Sixteen years ago, I consulted friends, family, pregnancy books and child development classes to help me prepare me for my impending motherhood. All sources regretted to inform me of four important items which I will share with you now. Today. Because I’m a giver.
First off, in the hospital if you deliver non-cesarean (Fine, I’ll just say it: vaginally. Or if you deliver without the help of a large scalpel), once your baby is cleaned off and you finagle a feeding and you finally settle in to sleep for five minutes (or five seconds), a nurse will sweetly walk in the room and in a very non-threatening way say “Let’s just take a peek down here and see how everything looks” and then WHAMO! Inexplicably, in that split second when you blinked, she armed herself with brass knuckles and literally made your belly button meet your spine.
I said through gritted teeth, “What. Are. You. Doing. To. Me?” She finished up and nonchalantly reported she was “massaging my uterus” because it needed to be a certain size before leaving the hospital. I wanted to tell her that I am quite comfortable with looking permanently three months pregnant, thank you very much. Furthermore, if that was a “massage”, I’d sure hate to see what a C-section looks like around here—what do you use—a machete?

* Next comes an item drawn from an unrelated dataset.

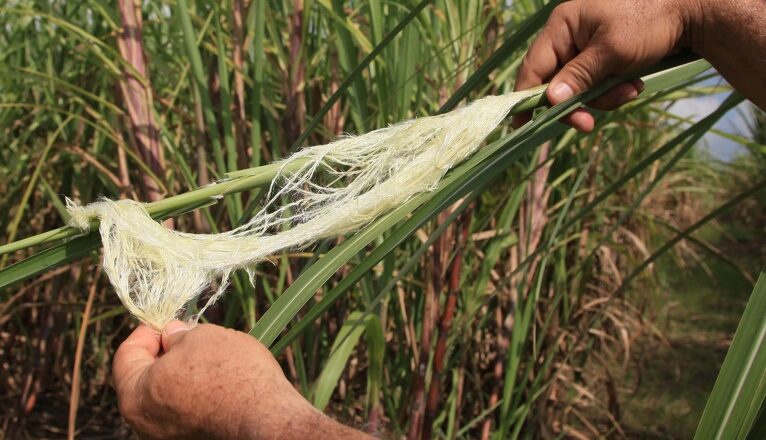 Novedades tecnológicas sustentan programa varietal cañero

Numero dos: Babies and small children poop in the tub. Someone back me up on this one or maybe my children are the only ones who let it all hang out in the tub. I had quite a few people warn me about sleep issues with newborns, hormonal imbalance and the like but NO ONE—AND I DO MEAN NO ONE— warned me that children at a certain age relax and poop in the tub.
The first few times almost threw me into cardiac arrest: what do you do first: take the kid out all covered in poop germs? Where do you put them? What do you do with all the now-poopy toys? To what degree do you sanitize whilst children are shivering in their now-poopy towel? And lastly, can you Lysol someone’s entire genome?
Prepare yourself, my friend for the poop will come. And it floats.
Number three: You start talking in 3rd person. It all starts out so innocently. You lift your chubby baby, nuzzle their soft, sweet neck and whisper in their teensy ear, “Mommy loves you! Mommy loves you!” until it morphs into a scary toddler horror movie:
“Mommy’s going to the bathroom now.”
“No, Mommy doesn’t want you to follow her.”
“No, Mommy’s not going to tell you if Mommy has to poop or pee.”
“Mommy needs privacy.”
No, not piracy, PRIVACY.”
“Ok, Mommy’s going to close the door now.”
“Mommy needs you to move your fingers.”
Lastly, my mea culpa: don’t take it personally. Any of it. The kid who won’t nap, sullen responses from tweens, rage-filled tantrums over a red popsicle instead of a blue one, the messy room, the refusal to eat anything green, the sassy eye-roll, the unfolding of laundry, the dumping of dirt on your just vacuumed floor, the poor grades due to all assignments being shoved into a backpack (completed!) and never seeing the light of day; everything.
Don’t take it personally. This is by far (BY FAR) the hardest lesson of parenthood that is equally applicable to raising a three month old, thirteen year old and a thirty year old.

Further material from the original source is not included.